Data Lists and Directories

In the Nuxeo Platform, a directory is used to provide a abstraction on all referential data that can be manipulated inside the application. These data are (mostly) table-like data that lives outside of the VCS document storage database:

Users,
Groups of users,
Fixed list of values (vocabularies),
Roles,
...

A directory is typically a connection to an external data source that is also access by other processes than the Nuxeo Platform itself (therefore allowing shared management and usage).

A vocabulary is a specialized directory with only a few important columns that are used by the Nuxeo Platform to display things like menus and selection lists.

We try to map all data that can be manipulated like record via directories. For that, directories provide a simple CRUD API and an abstraction on the actual implementation. This means that the services of the platform do not have to worry about where and how the data is stored, they just access the API.

Directories comes with several implementations:

SQL directories that can map SQL tables,
LDAP directories that can map a LDAP server,
Multi-directory that allow to combine several directories into a single one.

SQL Directories

SQL directories read and store their information in a SQL database. They are defined through the directories extension point of the org.nuxeo.ecm.directory.sql.SQLDirectoryFactory component.
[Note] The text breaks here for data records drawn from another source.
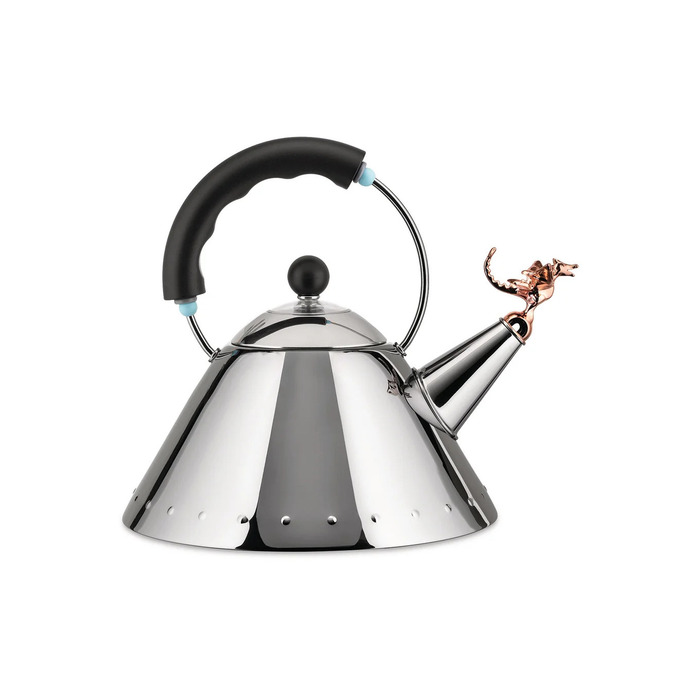 Alessi Чайник со свистком 22х225х24 см металликчерный Tea Rex Alessi 23885₽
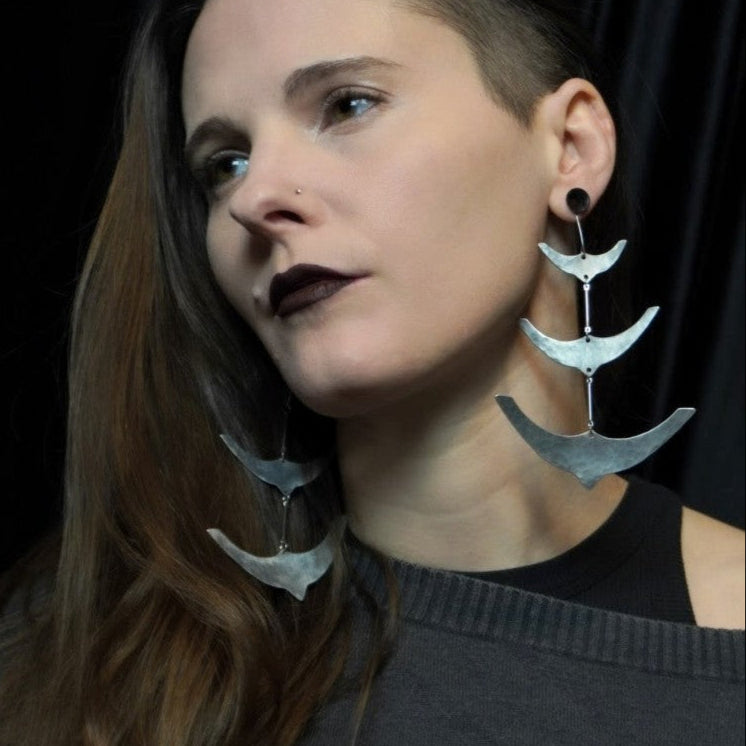 SPINE Earrings / Aluminum
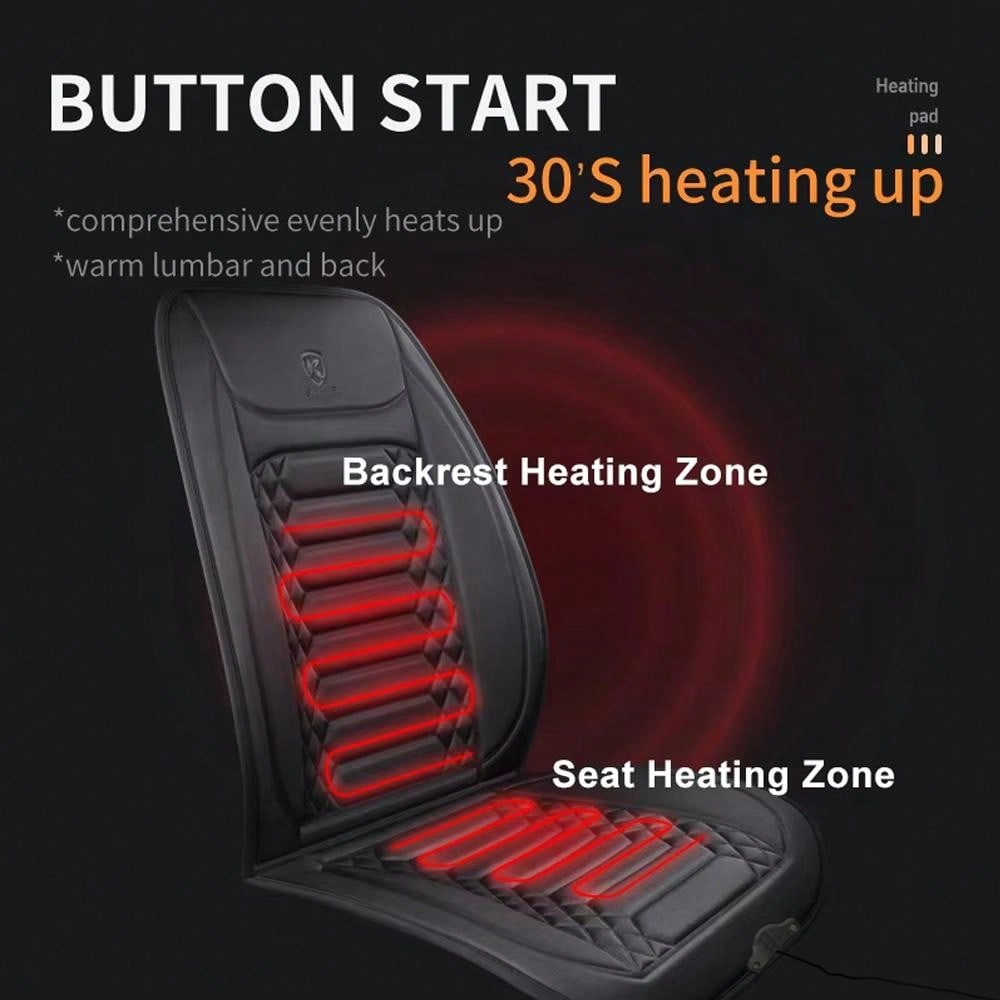 12V Heated Car Seat Cover Heat - đánh giá và giá Car Seat Cover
The directory element must contain a number of important sub-elements:

name: The name of the directory, used for overloading and in application code;
schema: The schema describing the columns in the directory;
dataSource: The JDBC datasource defining the database in which the data is stored;
table: The SQL table in which the data is stored;
idField: The primary key in the table, used for retrieving entries by id;
autoincrementIdField: Whether the idField is automatically incremented. This value is most of the time at false, because the identifier is a string;
querySizeLimit: The maximum number of results that the queries on this directory should return. If there are more results than this, an exception will be raised;
dataFile: File from which data is read to populate the table, depending on the following element;
createTablePolicy: Indicates how the dataFile will be used to populate the table. Three values are allowed: never if the dataFile is never used (the default), on_missing_columns if the dataFile is used to create missing columns (when the table is created or each time a new column is added, due to a schema change), always if the dataFile is used to create the table as each restart of the application server;
cacheTimeout: The timeout (in seconds) after which an entry is not kept in the cache anymore. The default is 0 which means never time out;
It will be deprecated from LTS 2015 and should be replace by the usage of cacheEntryName and cacheEntryWithoutReferencesName where max size and TTL (equivalent to timeout) can be configured.
cacheMaxSize: The maximum number of entries in the cache. The default is 0 and means to not use entries caching at all;
Will also be deprecated from LTS 2015.
cacheEntryName: The name of the cache (from the CacheService) containing full entries. (SQL/LDAP only)
cacheEntryWithoutReferencesName: The name of the cache (from the CacheService) containing entries without references. (SQL/LDAP only)
readOnly: If the directory should be read-only;
substringMatchType: How a non-exact match is done, possible values are subany, subinitial or subfinal; this is used in most UI searches.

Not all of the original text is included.